L’M23 lascia Uvira sotto le pressioni di Trump

Il 16 dicembre, nell’est della Repubblica Democratica del Congo, la parola “pace” ha assunto ancora una volta la forma ambigua dell’annuncio. Il gruppo ribelle M23, sostenuto dall’esercito ruandese, ha dichiarato che si ritirerà da Uvira, città strategica del Sud Kivu conquistata appena pochi giorni prima. Una decisione presa — è bene sottolinearlo — non per un improvviso sussulto di responsabilità regionale, ma su richiesta degli Stati Uniti, che hanno denunciato una “chiara violazione” dell’accordo di pace firmato a Washington all’inizio del mese.

La scena è ormai familiare a chi segue da anni le tragedie dei Grandi Laghi: un accordo di pace celebrato nelle capitali occidentali, una nuova offensiva militare che lo smentisce sul terreno, e infine una marcia indietro tattica, annunciata più che verificata. A Uvira, città-chiave perché collega la RDC al Burundi — alleato militare di Kinshasa — la popolazione attende ancora di capire se il ritiro sarà reale o soltanto una mossa per “tenere buoni gli americani”, come ha detto con amara lucidità un rappresentante della società civile locale.

Il contesto rende il tutto ancora più eloquente. Mentre a Washington i presidenti Félix Tshisekedi e Paul Kagame firmavano un accordo di pace sotto l’egida di Donald Trump, l’M23 avanzava sul campo, conquistando Uvira il 10 dicembre e tagliando i collegamenti logistici dell’esercito congolese. La guerra, come spesso accade in Africa, non aspettava i comunicati congiunti.
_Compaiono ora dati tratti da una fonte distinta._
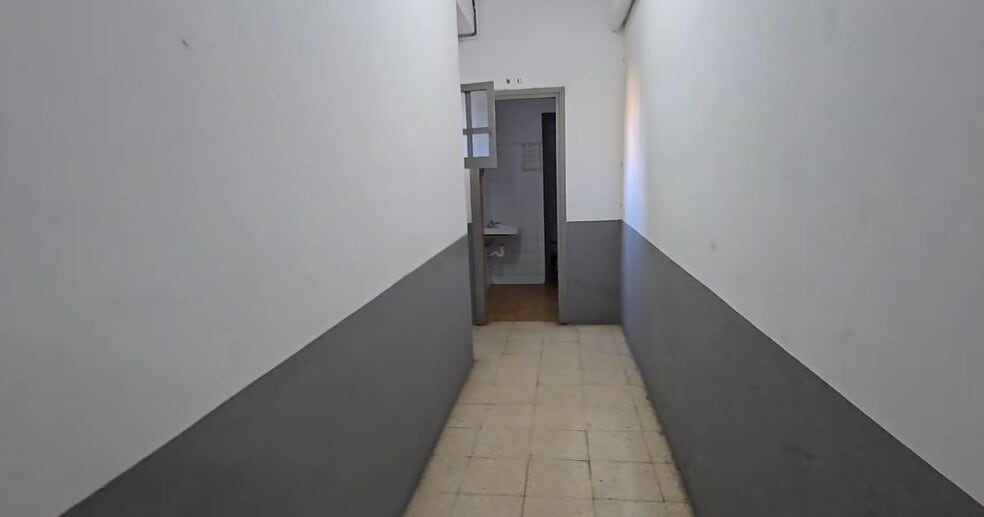 View Photo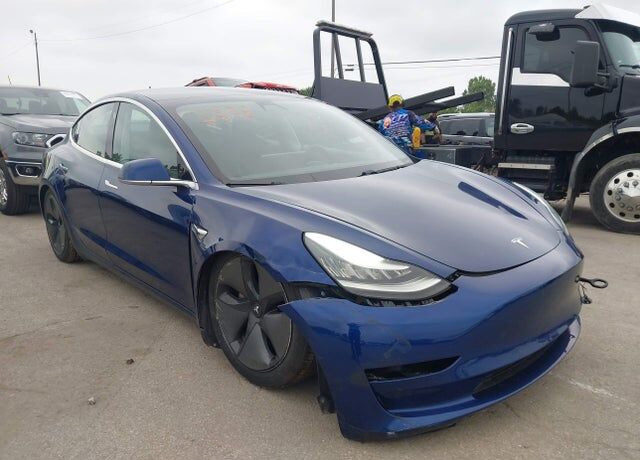 2020 TESLA Model 3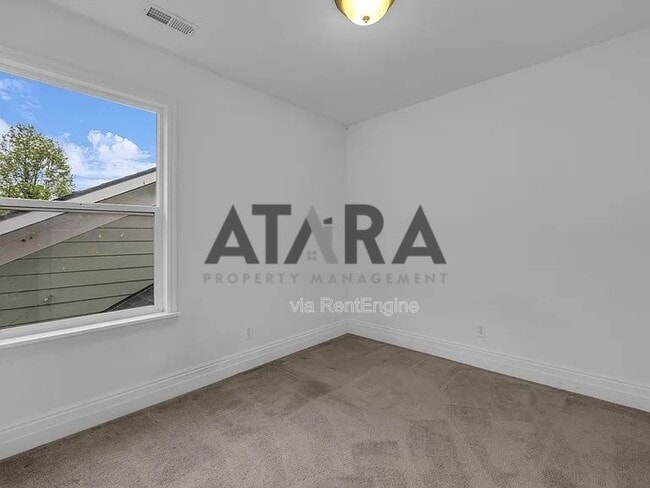 Building Photo - 4466 W 11800 S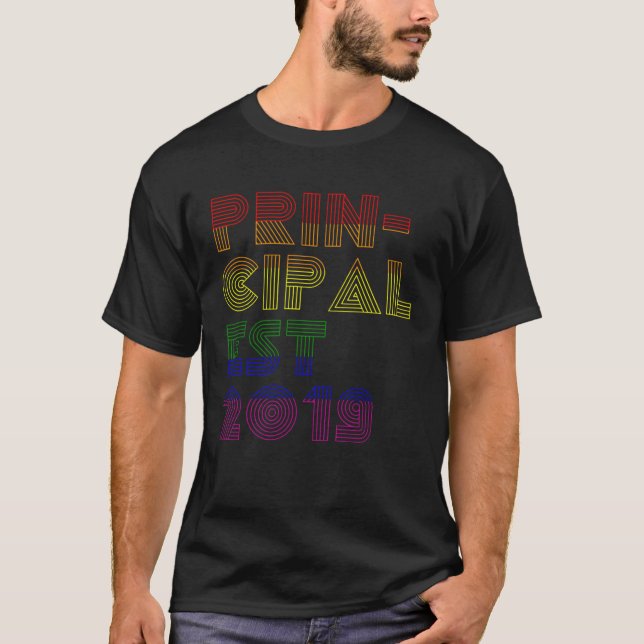 Camiseta Rainbow Principal Est 2019 New Principal School Te (Frente)
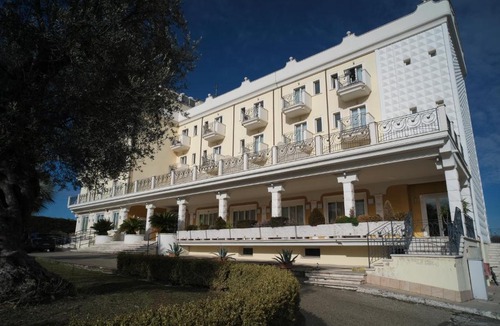 Sant'Egidio alla Vibrata Hotel | HOTEL CONCORDE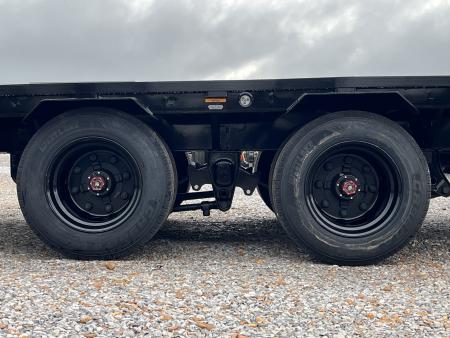 New 2026 MAXXD Gooseneck Flatbed Trailer | 102" x 28' 30K GVWR HYD JACKS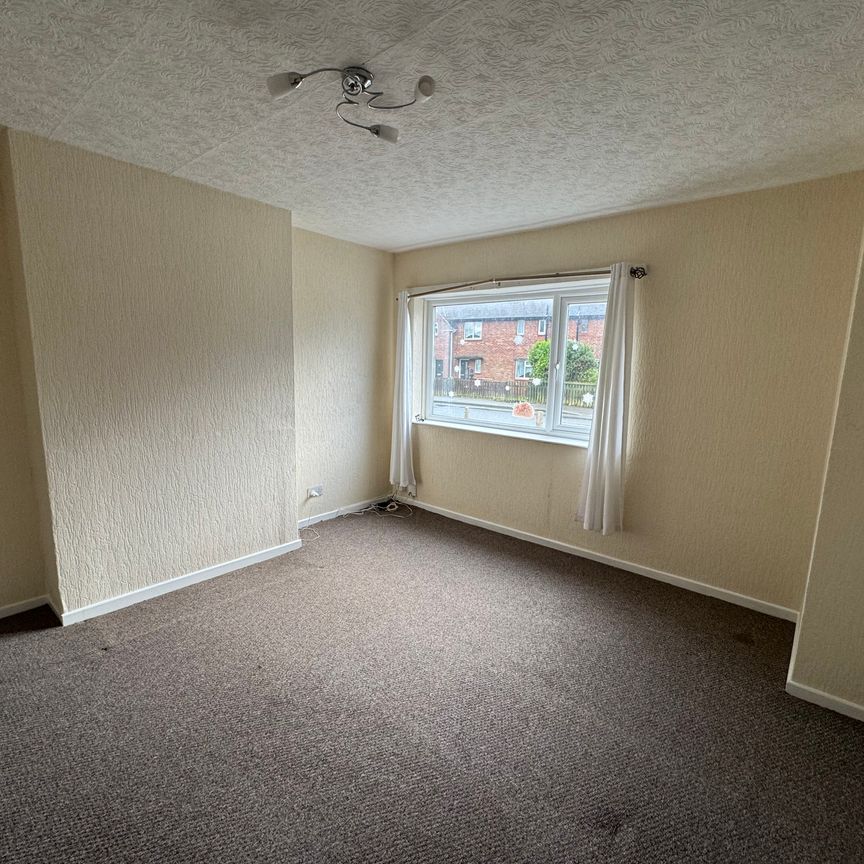 Dinmore Avenue, Blackpool - Photo 1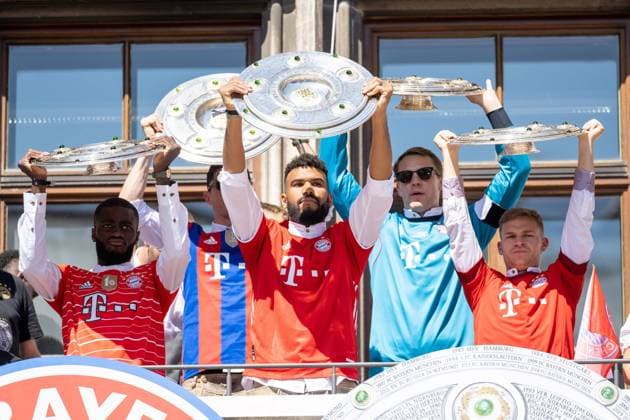 Dayot Upamecano 2 FC Bayern Muenchen , Eric Maxim Choupo Moting 13 FC Bayern Muenchen , Manuel Neuer 1 FC Bayern Muenchen , Joshua Kimmich 6 FC Bayern Muenchen , championship celebration, city hall balcony, FC Bayern Muenchen, football, 1 Bundesliga, 15 05 2022 DFB regulations prohibit any use of photographs as image sequences and or quasi video Muenchen Bayern Germany Copyright: xkolbert-press UlrichxGamelx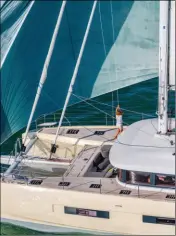  ??  ?? Depuis le salon de pont du flybridge, nous avons tous le loisir d’observer le skipper à la manoeuvre derrière l’un des deux postes de barre largement dotés en électroniq­ue, et aidé sur le pont avant par son ou ses équipiers.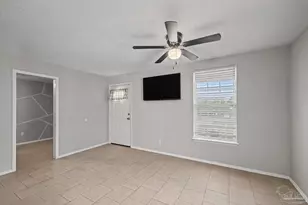 2124 Ledbetter Ln, Pensacola, FL 32507 - Photo 11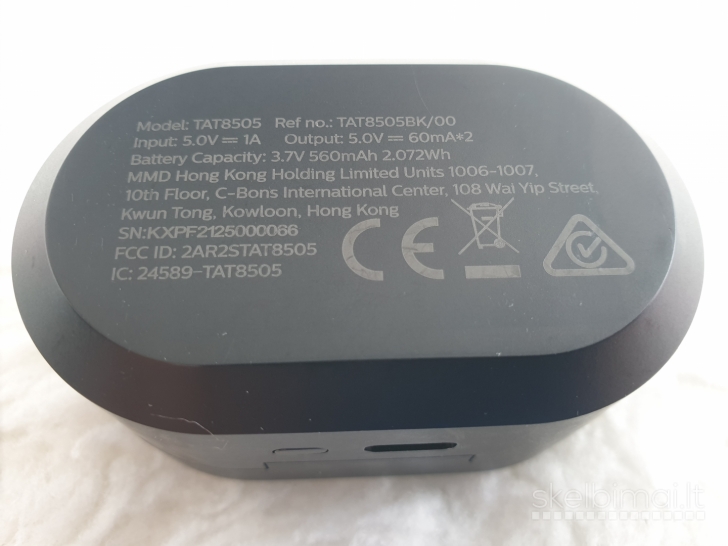 "Philips TAT8505BK/00" ausinukai (yra 3 vnt.)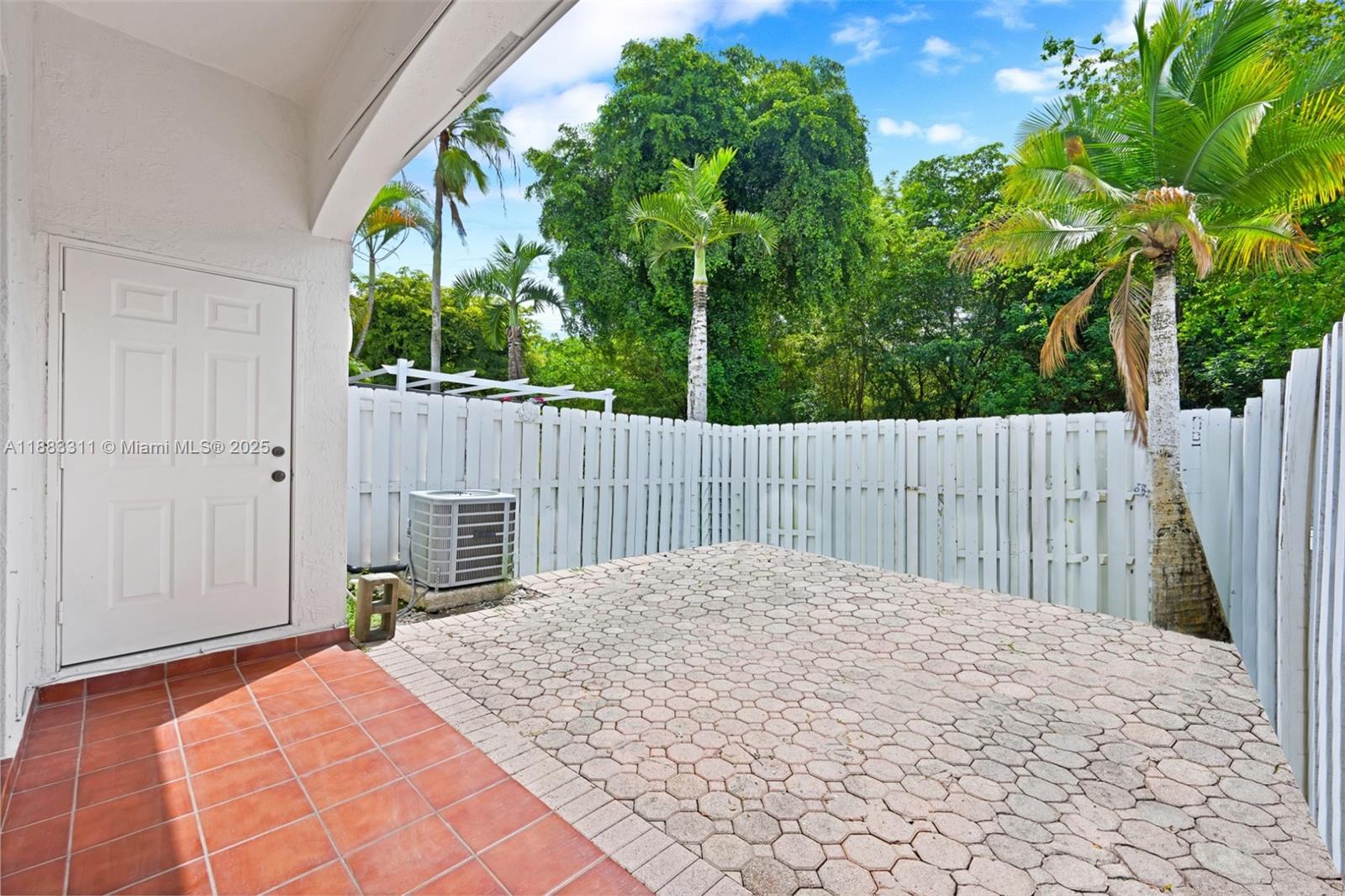 11224 NW 42nd Ter # 11224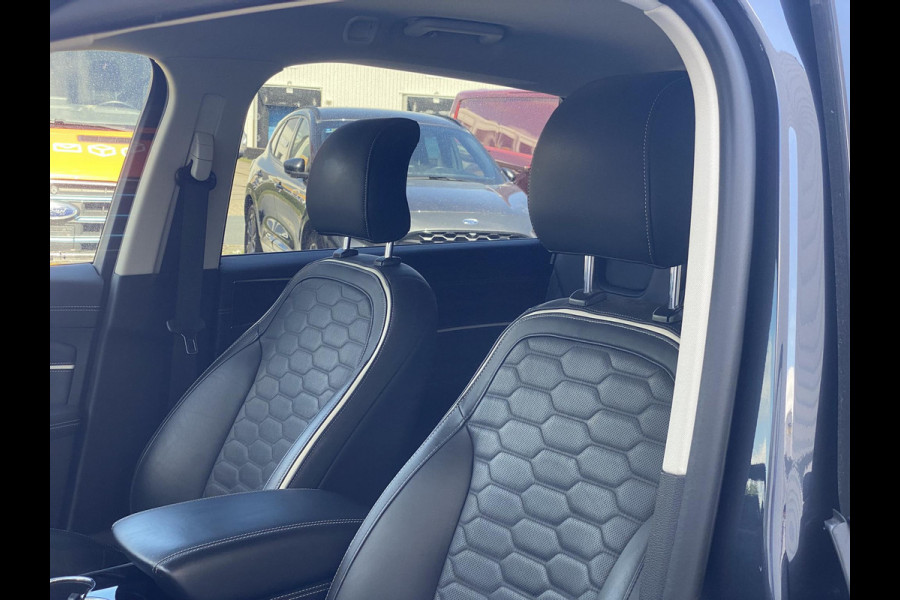 Ford S-Max 2.5 FHEV 7p Vignale 190pk | Full LED | Sony Navigatie | 7 persoons | Winterpack | Trekhaak | Massage Stoelen | Adaptieve Cruise Controle |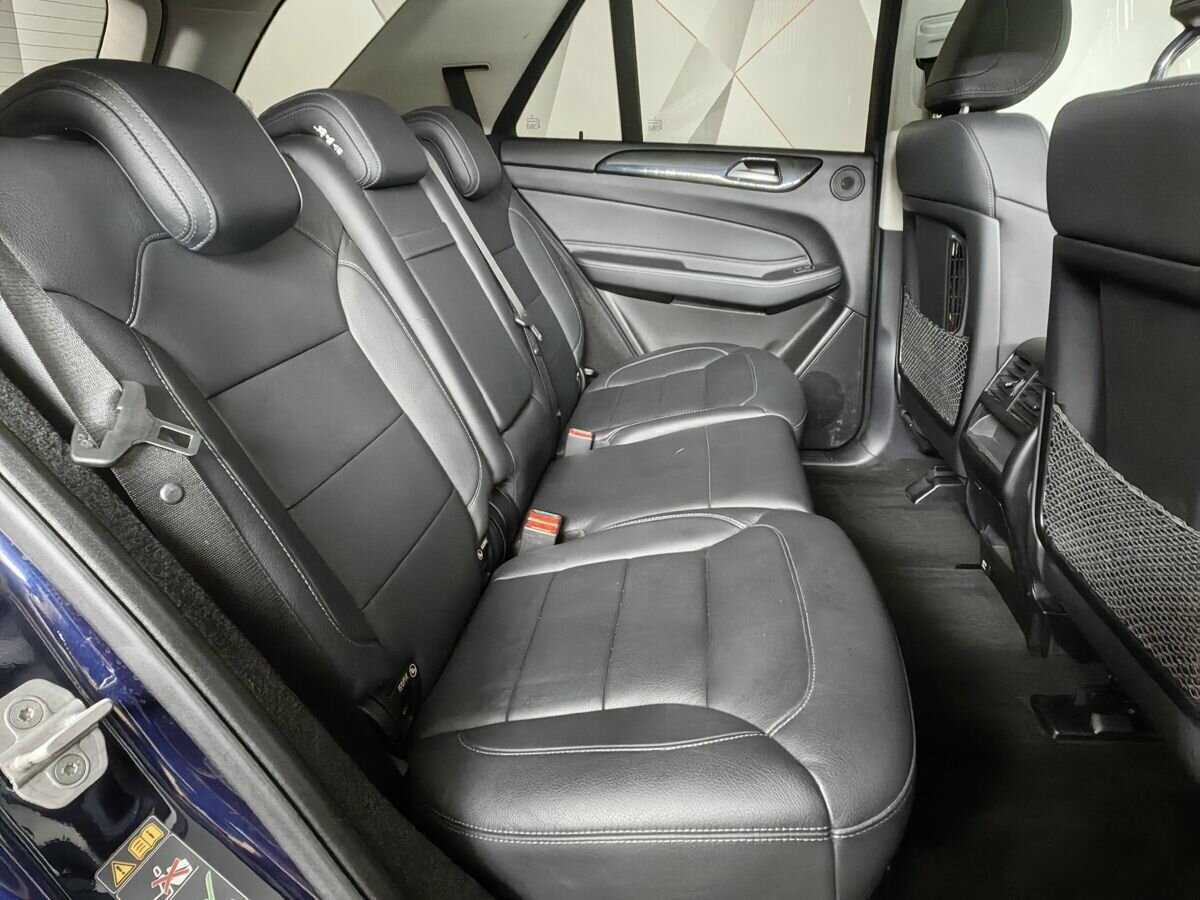 Mercedes-Benz GLE с пробегом — 2015 год. Фото: #11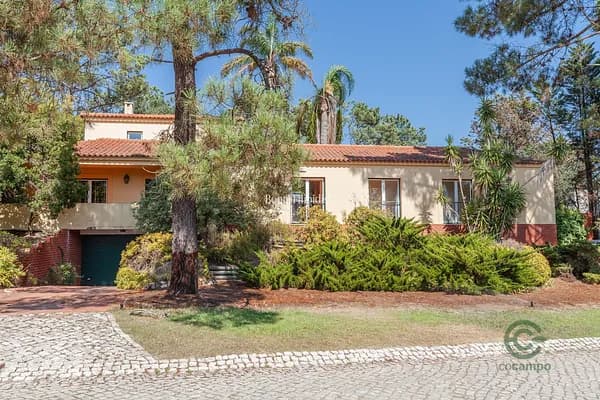 Casa de 0,25 ha en venta en Quinta do conde, Setúbal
Solo dopo le pressioni dirette di Washington — e le accuse esplicite rivolte a Kigali dall’ambasciatore Usa all’Onu, Mike Waltz — è arrivato l’annuncio del ritiro. Ma anche qui, le parole contano: Corneille Nangaa, leader politico dell’M23, ha parlato di ritiro “unilaterale”, subordinandolo però a condizioni pesanti — smilitarizzazione della città, forza neutrale, protezione dei civili — che suonano più come una negoziazione armata che come un passo verso la pace.

Il Ruanda, come sempre, nega ufficialmente ogni coinvolgimento diretto. Eppure le stesse autorità statunitensi parlano di cinquemila-settemila soldati ruandesi presenti nell’est del Congo. Numeri che smentiscono la retorica dell’“instabilità locale” e riportano il conflitto alla sua vera dimensione: una guerra regionale combattuta per procura, in cui i ribelli sono strumenti e le popolazioni civili carne da sfollamento.

Dietro la diplomazia, infatti, si muove un’altra mappa: quella delle risorse strategiche. L’accordo di pace firmato il 4 dicembre a Washington non riguarda solo sicurezza e confini, ma anche patti bilaterali che garantiscono agli Stati Uniti accesso privilegiato ai minerali congolesi. La RDC non è soltanto un Paese in guerra: è il primo produttore mondiale di cobalto, essenziale per la transizione energetica, e detiene circa il 60 per cento delle riserve globali di coltan, cuore pulsante dell’industria elettronica.

È qui che la pace rischia di rivelare il suo volto più cinico. Quando la stabilità viene cercata non per le persone ma per le catene di approvvigionamento, la guerra non finisce: cambia solo intensità. E Uvira diventa un nome in più nella lunga lista di città congolesi usate come pedine in una partita che si gioca altrove.

Intanto, secondo le Nazioni Unite, l’offensiva dell’M23 ha già provocato decine di morti e oltre 200mila sfollati. Numeri che non entrano nei comunicati ufficiali, ma che raccontano la verità del conflitto: una popolazione che continua a pagare il prezzo di accordi firmati lontano, spesso senza di essa.

Il 16 dicembre, dunque, non segna una svolta, ma una sospensione. Un ritiro annunciato, non ancora verificato. Una pace evocata, non ancora incarnata. Finché la sicurezza dell’est del Congo sarà subordinata agli equilibri regionali e agli appetiti globali, Uvira resterà ciò che è sempre stata: una frontiera instabile, dove la diplomazia arriva sempre dopo le armi.